Just before lunch Ortelius started punching her way through a vast area of broken drift ice, while bound for our next proposed landing site at Brown Bluff. Those of us who ventured on deck were in no doubt that conditions had changed greatly from yesterday, the plus 40 knots of wind had a severe edge to it and the wind chill factor was considerable. Beautiful Snow Petrels graced us with their presence, circling the ship and delighting everyone with their aerial prowess. These delightful “angels of the ice” stayed with us for several hours, giving an almost ghostly appearance as the danced across the icy seascape. Well-equipped and hardy souls stayed out on deck for a respectable amount of time whilst others sensibly relaxed indoors.
At 14.30 Bill delivered an informative and highly entertaining lecture on “Ortelius…the secret places on the vessel”. First a presentation about the history, construction of the ship and its ice class rating then the dining room, kitchen and catering logistics.
Whilst the afternoon had turned out sunny the wind continued to blow steadily in excess of 40 knots and at times gusting to 70. As we closed in on the iceberg studded and glacier enclosed coastline of Brown Bluff it took little imagination to realise that given the conditions a landing or Zodiac cruise at this spectacular location would not, could not, happen. A pulsing white line along the shoreline indicated a heavily laden ‘bergy-bit’ swell crashing on to the beach. And then there was the ferocious katabatic winds that tore down off the high ground, whipping the surface of the sea into a whirling frenzy. Guests began to appreciate the problems of high latitude adventure travel organisation as they now had first-hand experience of how the weather dictated and controlled Polar expedition cruising.

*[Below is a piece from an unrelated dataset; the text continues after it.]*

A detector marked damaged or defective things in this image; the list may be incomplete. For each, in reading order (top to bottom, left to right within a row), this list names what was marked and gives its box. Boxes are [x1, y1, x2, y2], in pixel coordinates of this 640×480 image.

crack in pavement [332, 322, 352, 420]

Captain Ernesto masterfully cruised Ortelius around several of the large icebergs in the area to give everyone a truly memorable aesthetic experience. The light was fantastic. The weather bracing and unforgettable. At recap Adam outlined the programme for the next day… Sarah, Regis, Hazel and Bill answered a variety of new passenger questions from the ‘question box’.
Dinner was followed by a surprise announcement… we were to try a landing at Brown Bluff as the strong wind had reduced and the sea state was flatter. The expedition team launched a couple of Zodiacs to scout the landing area. It quickly became apparent that the heavy breaking swell on the ‘bergy bit’ covered rocky shoreline precluded any safe landing with guests. Cancellation was ordered, everyone stood down and returned to editing their Emperor Penguin photographs. An adventurous day…which highlighted the dynamic nature of Antarctic weather!

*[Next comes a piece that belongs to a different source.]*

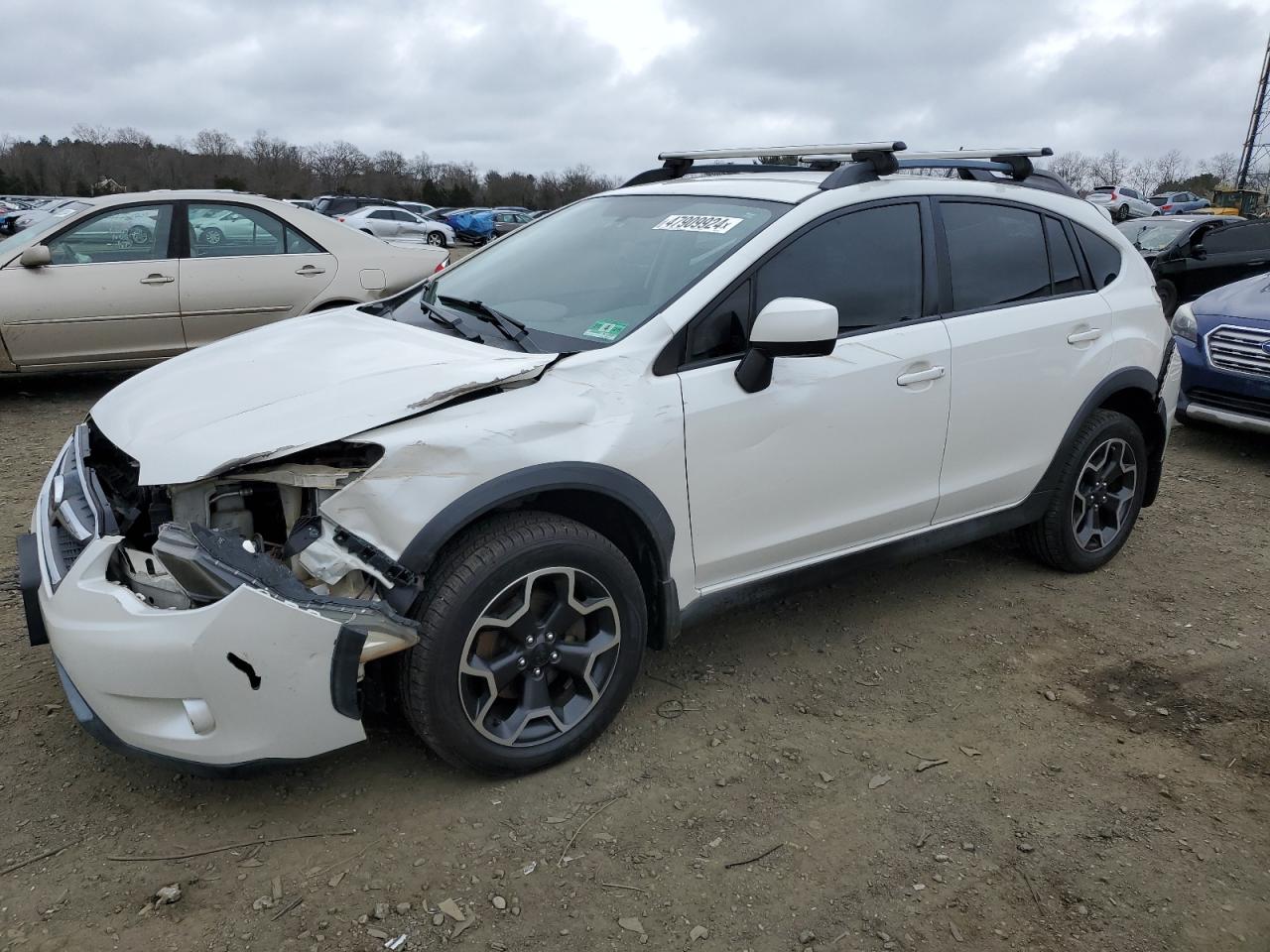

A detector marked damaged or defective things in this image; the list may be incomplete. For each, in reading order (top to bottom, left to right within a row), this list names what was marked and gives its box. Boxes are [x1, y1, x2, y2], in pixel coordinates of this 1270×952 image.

crumpled hood [1189, 271, 1270, 324]
crumpled hood [91, 306, 559, 484]
damaged front end [24, 423, 421, 776]
broken plastic trim [148, 525, 416, 645]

Day 7: Duse Bay & Hope Bay
Position: 63°23’.7 S – 057°00’.9 W
Wind: N 7
Weather: Overcast, snow showers
Air Temperature: +1
In the early morning, whilst we were still tucked up in our beds, the Expedition team were up on the Bridge in discussions with Captain Ernesto and the Helicopter Team to assess conditions for a proposed scenic flight and continental landing in the area of Duse Bay: this was Plan A. Plan B was a continental landing via zodiacs. Unfortunately, the wind conditions were beyond operational limits for both plans so Expedition Leader Adam announced during the wake-up call that we were heading for an area called Hope Bay. The name of the place at least gave us optimism!
Today the entire Antarctic Peninsula was being battered by hurricane force winds meaning our options for finding a sheltered spot were limited. As we sailed through Antarctic Sound we marvelled at colossal icebergs and enjoyed the stunning landscape of snow-covered peaks. It was hard to find the words to describe the colours, textures and shapes of the icebergs and it was difficult to capture their beauty in a photograph. For keen birders, a white morph Southern Giant Petrel was the highlight of the morning.
After breakfast, with a fair way still to go to reach Hope Bay, Expedition Guide Allan gave his lecture regarding the Swedish South Polar Expedition of 1901-03 led by Otto Nordenskjold. This incredible story of survival is overshadowed by those of other explorers of the same era who are better known, but it certainly deserves the same recognition.
Later that morning we arrived at Hope Bay and conditions were initially favourable for a zodiac cruise along the shoreline followed by a brief continental landing. In terms of our feathered friends, Adèlie Penguins, Gentoo Penguins, Snowy Sheathbill and Snow Petrel were seen. A Crabeater seal and numerous Weddell seals were observed hauled out resting.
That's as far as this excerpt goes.